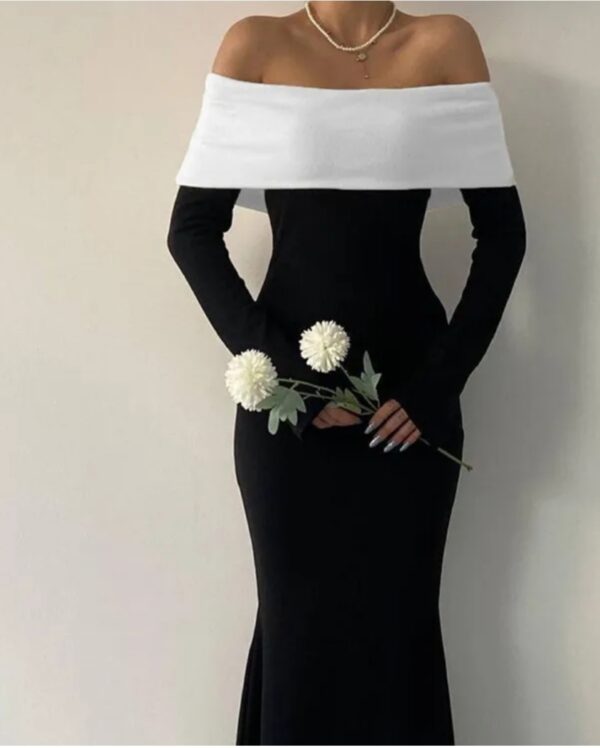 Bodycon black maxi dress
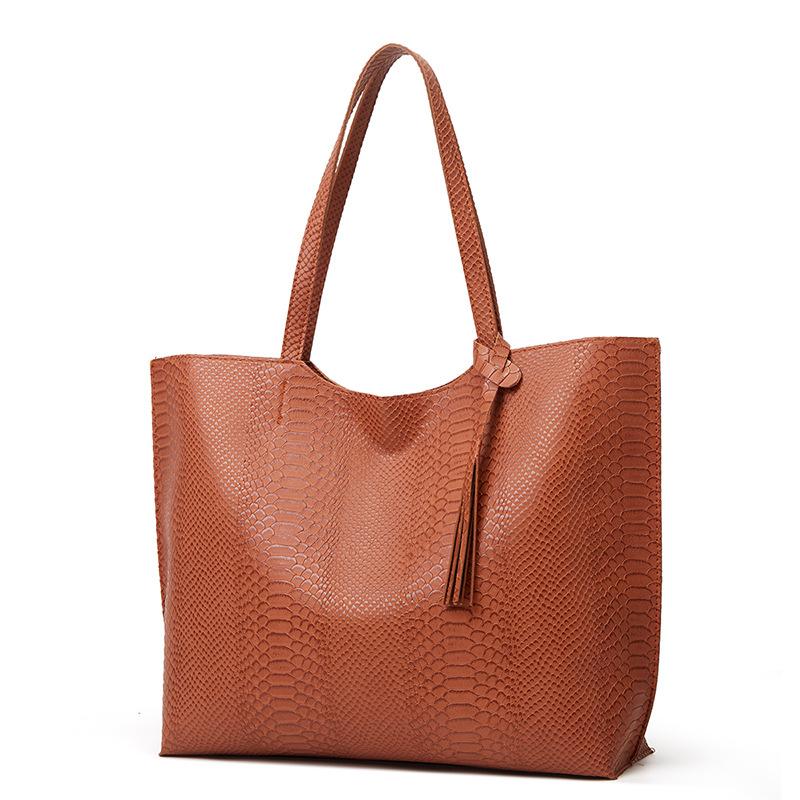 Fashion Snake Print Tote Bag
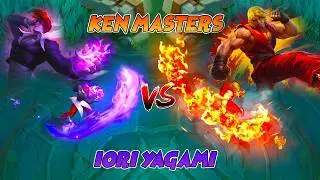 Chou Iori Yagami VS Ken Skin Comparison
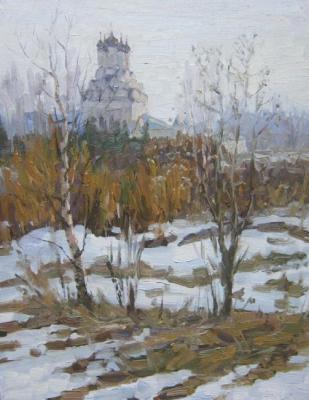 Last snow. Annunciation Church. Mytishchi (etude)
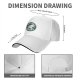 Black baseball cap with I Love Cats & Coffee graphic design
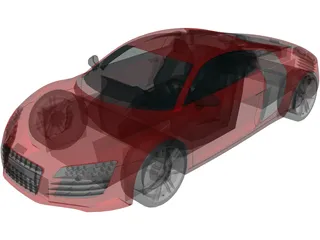 Audi R8 3D Model preview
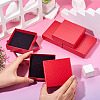 5Pcs Rhombus Textured Cardboard Jewelry Packing Boxes with Sponge Inside CBOX-TA0001-18B-6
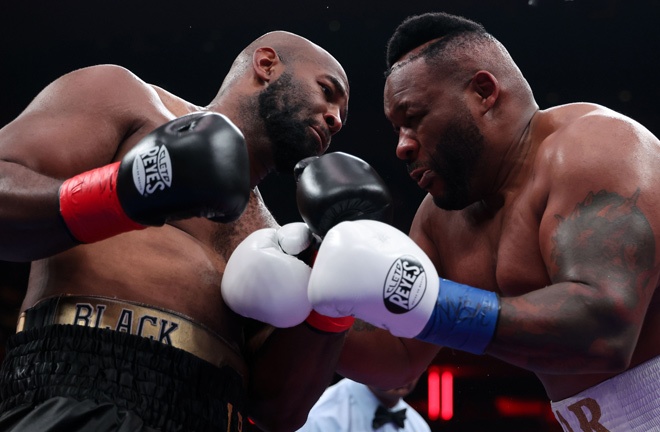 Jarrell Miller REVEALS why his hair fell off mid-fight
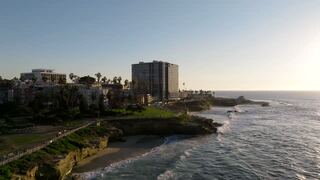 939 Coast Blvd Condos during Sunset in La Jolla
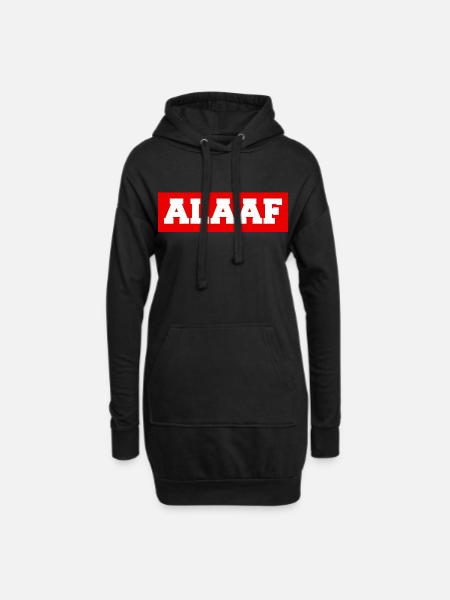 ALAAF - Hoodie-Kleid - Schwarz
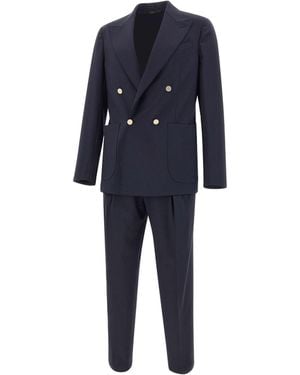 Briglia 1949 Bolgheri Double-Breasted Suit - Blue
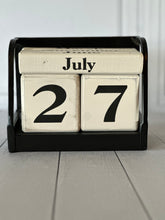 Load image into Gallery viewer, Wood Block Calendar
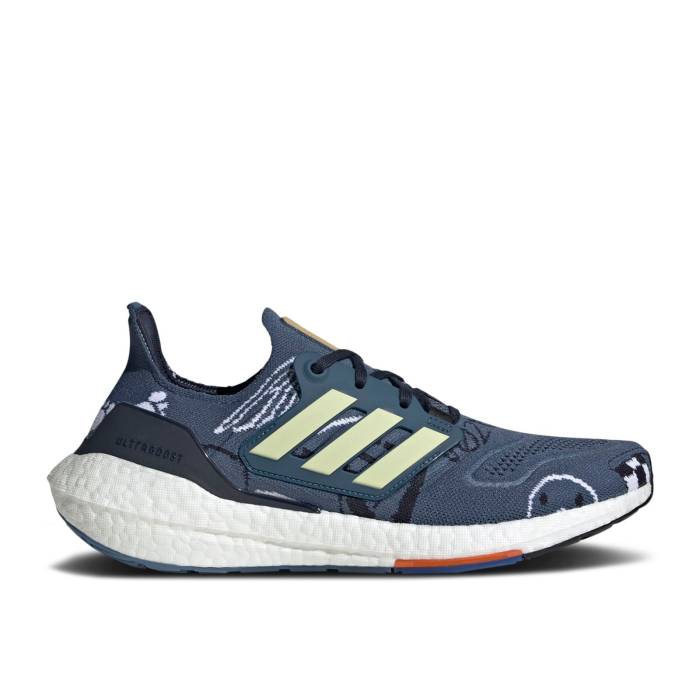 アディダス Adidas 【 Ultraboost 22 \u0027Wonder Steel Almost Yellow\u0027 Men Wonder Steel/Almost Yellow/Legend Ink 】 Steel スチール写真 メンズ Steel スチール写真 yellow 黄味がかった・黄み Legend 先祖伝承 メンズ靴-スニーカー-靴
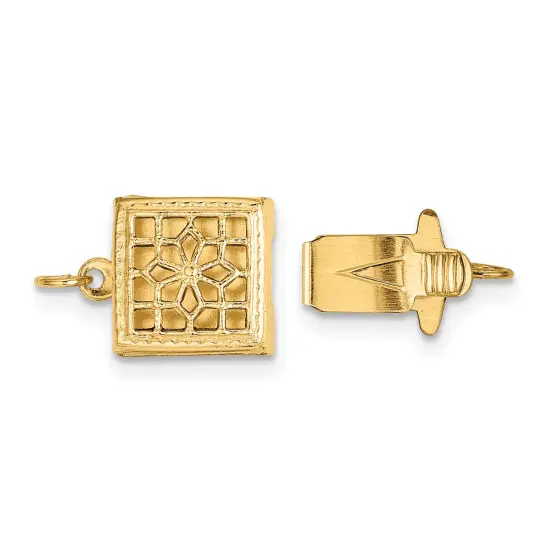 Gold Filled Filigree Pearl Clasp 8.3mm {1}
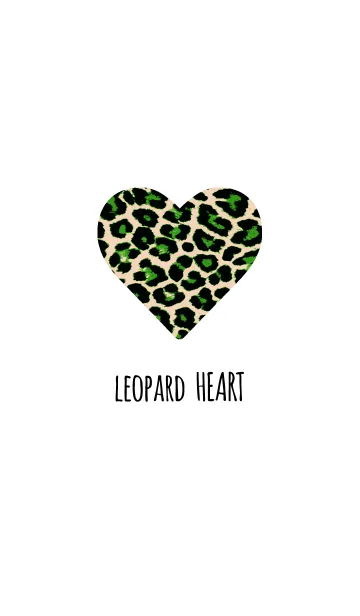[LINE着せ替え] レオパード ハート 62の画像1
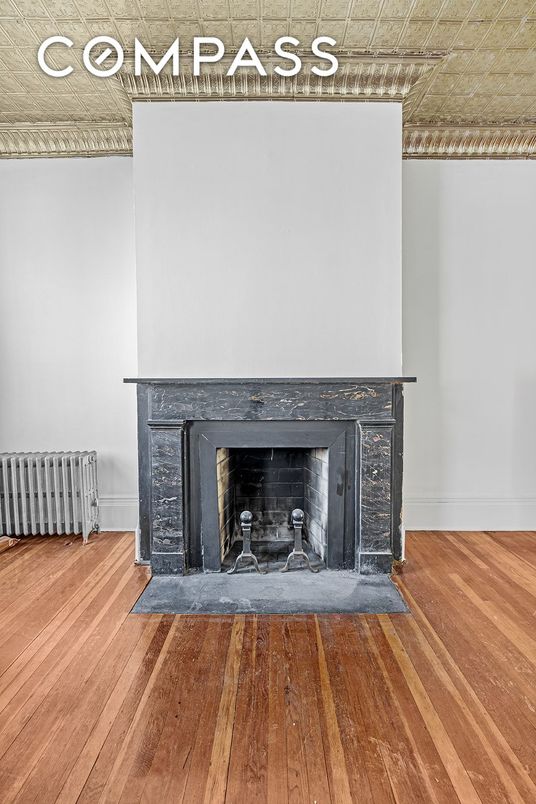 Fireplace, Interior, Wood Texture Flooring
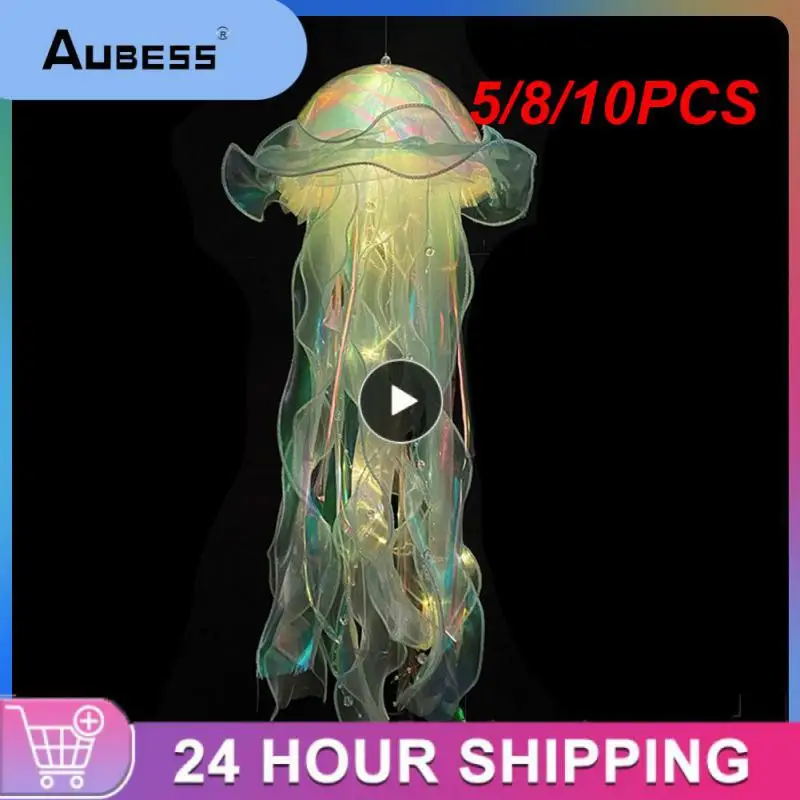 

5/8/10PCS Fantasy Jellyfish Night Light Color Atmosphere Light Decoration Lamp Jellyfish Lamp Hanging Light Home Decoration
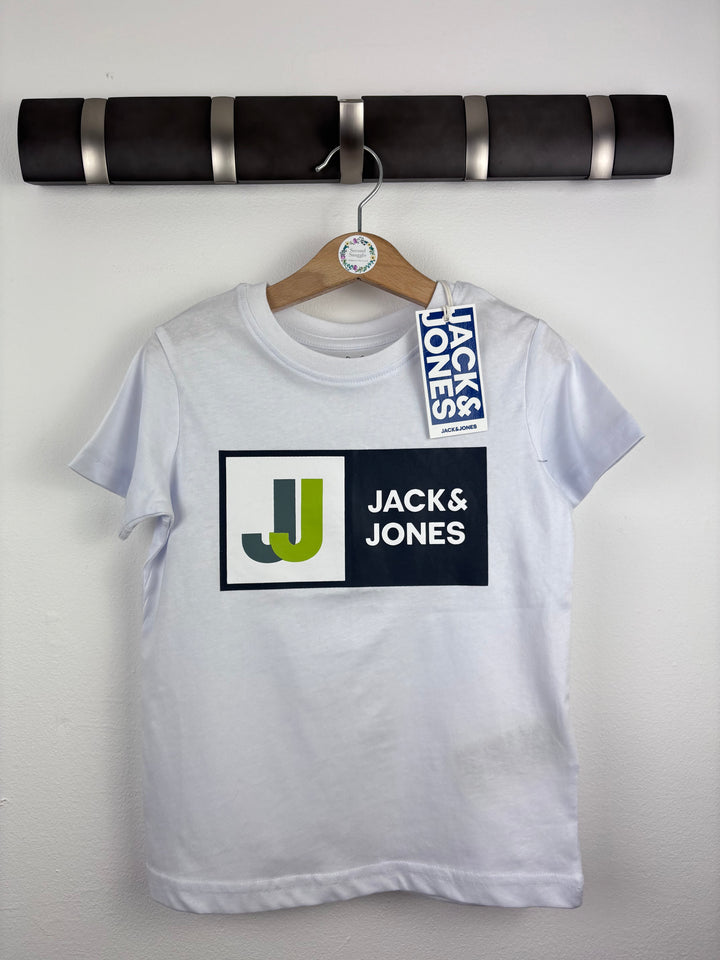 Jack & Jones Logo T-Shirt 6 Years-Tops-Second Snuggle Preloved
----
— Work order —
In the records above, find the line with "Audi R8 3D Model preview". Print exactly from there through the line with "Load image into", minus the pictures.

— Response —
 Audi R8 3D Model preview
 5Pcs Rhombus Textured Cardboard Jewelry Packing Boxes with Sponge Inside CBOX-TA0001-18B-6
 Jarrell Miller REVEALS why his hair fell off mid-fight
 939 Coast Blvd Condos during Sunset in La Jolla
 ALAAF - Hoodie-Kleid - Schwarz
 Briglia 1949 Bolgheri Double-Breasted Suit - Blue
 Load image into Gallery viewer, Wood Block Calendar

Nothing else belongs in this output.